Apontando o dedo às “elites do Ocidente”, que procuram “transformar um conflito local numa fase de confrontação global”, Putin sublinhou que a Rússia está a lutar pela “existência” do seu país. Como “é impossível derrotar a Rússia no campo de batalha”, aquilo que se vê são “ataques de informação cada vez mais agressivos”.
Ataques liderados por uns EUA que estão a tornar mais inseguro o mundo. “Toda a gente viu como eles se retiraram de acordos armamentistas fundamentais, incluindo o Tratado de Forças Nucleares de Alcance Intermédio. Eles rasgaram unilateralmente os fundamentos que mantinham a paz mundial”, acusou o Presidente russo. E enfatizou: “Porque fizeram isso? Simplesmente porque podem.”

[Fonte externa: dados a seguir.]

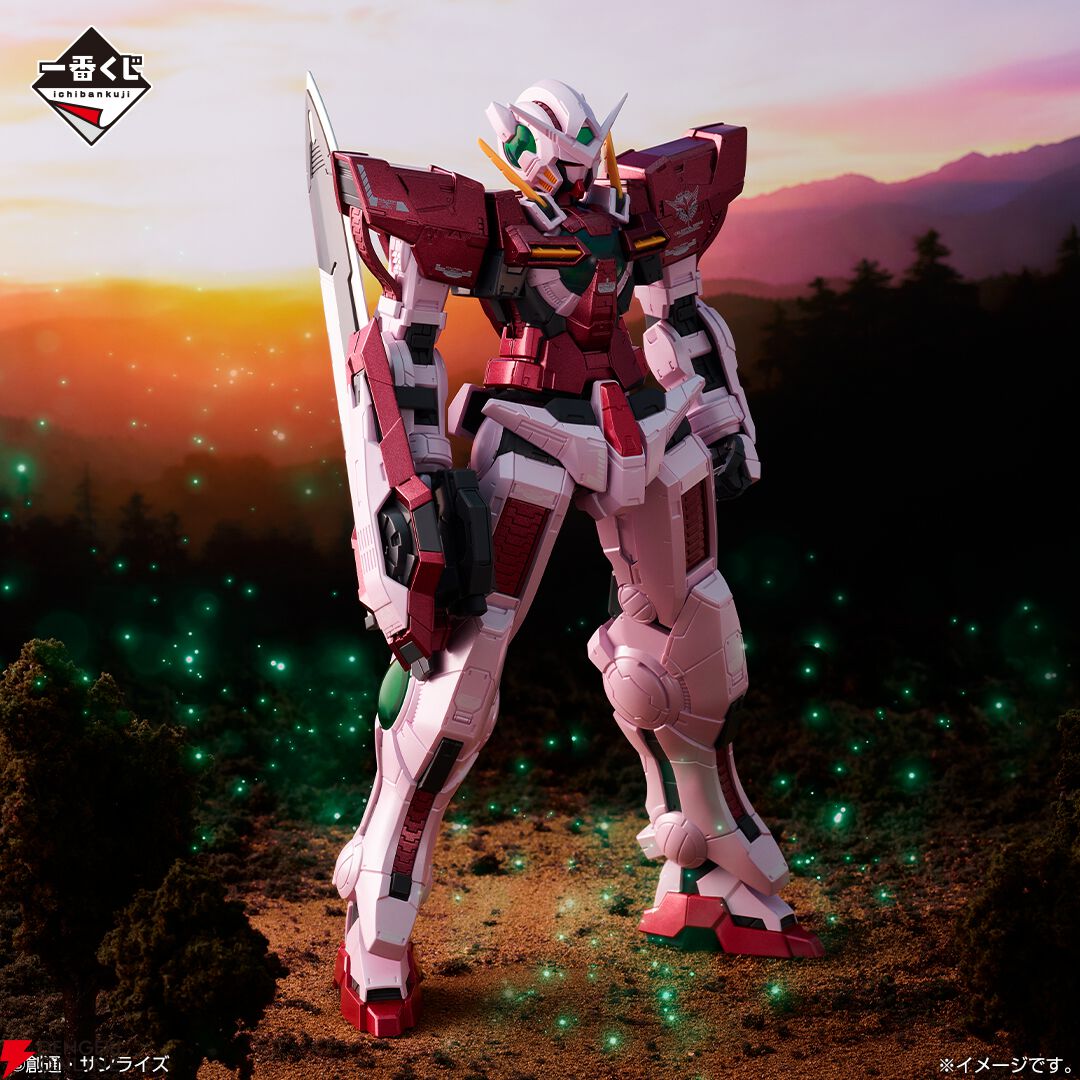 ガンダム00』一番くじの全ラインナップ公開。A賞の《ガンダム ガンダム00』一番くじの全ラインナップ公開。A賞の《ガンダム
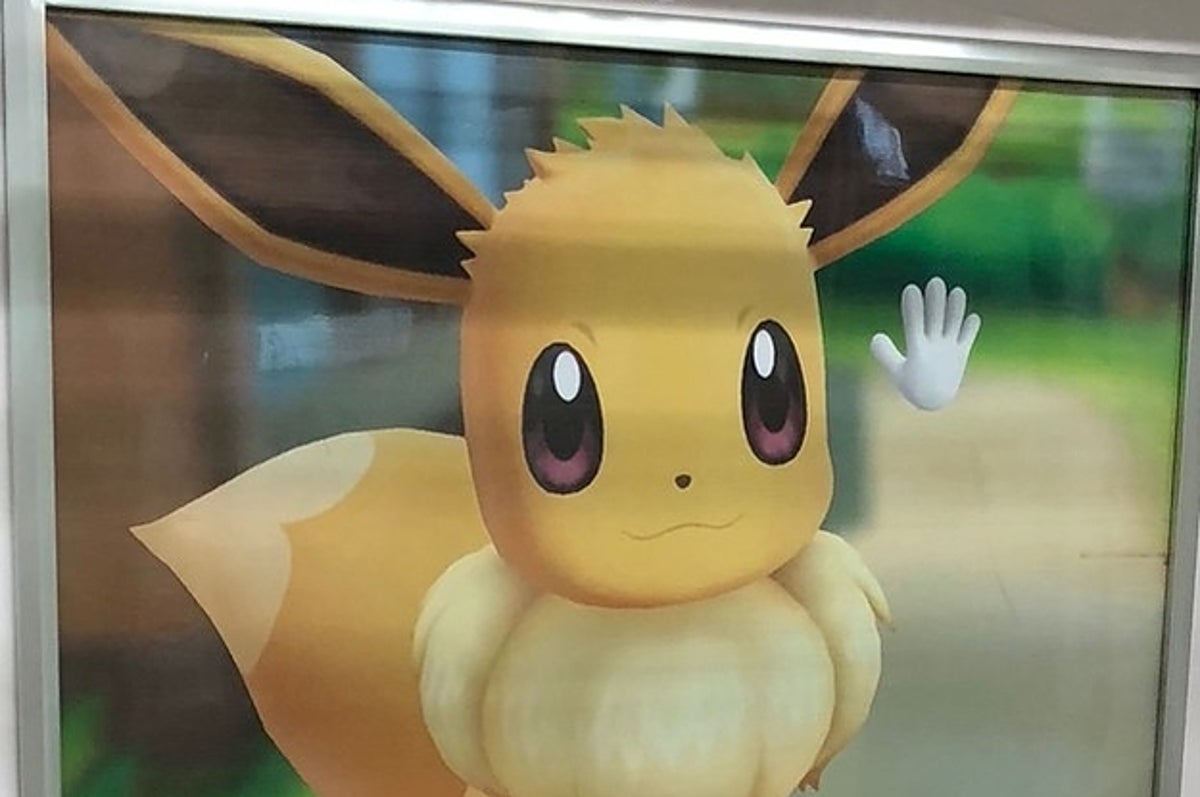 激レアチャンスをゲット ポケモンのスペシャルトレインに偶然乗ってしまいました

Perante este cenário, anunciou Putin, a Rússia suspendeu a sua participação no Novo Tratado de Redução de Armas Estratégicas (Start) com os Estados Unidos, que limita o arsenal nuclear estratégico de ambos os países.
“Sou forçado a anunciar hoje que a Rússia suspende a sua participação no tratado de armas ofensivas estratégicas”, disse o Presidente aos deputados já quase no fim do seu discurso. Esta suspensão, e não retirada, como fez questão de sublinhar, faz com que os dois países, que controlam quase 90% das ogivas nucleares do planeta, deixem de ter em vigor qualquer tratado de controlo armamentista.
Neste que foi o seu primeiro discurso do estado da nação em quase dois anos, a três dias do primeiro aniversário da invasão russa da Ucrânia, a denominada “operação militar especial”, como Moscovo chamou à guerra, Vladimir Putin deixou claro que o Ministério da Defesa e a Rosatom, a empresa pública que controla o sector nuclear na Rússia, precisam agora de preparar-se para testar uma arma nuclear, caso seja necessário.
“É claro que não seremos os primeiros a fazê-lo. Mas se os Estados Unidos testarem, então também nós o faremos”, referiu. E deixou a mensagem: “Ninguém pode ter a ilusão perigosa de que a paridade estratégica global pode ser destruída.”
Com o New Start, que entrou em vigor 5 de Fevereiro de 2011 (e que precisa de ser renovado em 2026), os dois lados limitam a 1500 o número de ogivas nucleares em mísseis balísticos intercontinentais, mísseis balísticos de submarinos e bombardeios que cada um pode ter – este limite foi estabelecido em 2018, de acordo com a Reuters.
Impacto das sanções
Putin também falou das sanções económicas impostas pelo Ocidente e do seu impacto na economia russa. “Querem fazer o povo [russo] sofrer, mas as suas previsões não se materializam”, disse, garantindo que o tiro saiu ao Ocidente pela culatra, porque, “ao impor essas sanções, estão-se a punir a si mesmos”.
“Provocaram um aumento dos preços, a perda de empregos e uma crise energética. E ouvimo-los dizer às suas populações que a culpa é dos russos”, disse Putin. E sublinhou que tudo se deveu a um erro de cálculo dos aliados da Ucrânia: “A economia russa e o seu sistema de gestão mostraram que eram muito mais fortes do que o Ocidente pensava.”
“Assegurámos a estabilidade da situação económica, protegemos os cidadãos, mantivemos os empregos, evitámos escassez de mercado, incluindo de bens essenciais, apoiámos o sistema financeiro”, enumerou o chefe de Estado russo, que aproveitou ainda para deixar um recado dirigido aos empresários do país que se lamentam pelos impactos nos seus negócios dos constrangimentos impostos pelas sanções.
“Andar por aí com a mão estendida, bajulando, pedindo dinheiro, não serve de nada. Lancem novos projectos, ganhem dinheiro, invistam na Rússia. É assim que multiplicam o vosso capital e ganham o reconhecimento e a gratidão das pessoas”, aconselhou Putin. Até porque, como “os recentes acontecimentos vieram demonstrar de forma convincente” a “imagem do Ocidente como porto seguro, um refúgio para o capital, é uma ilusão, um embuste”.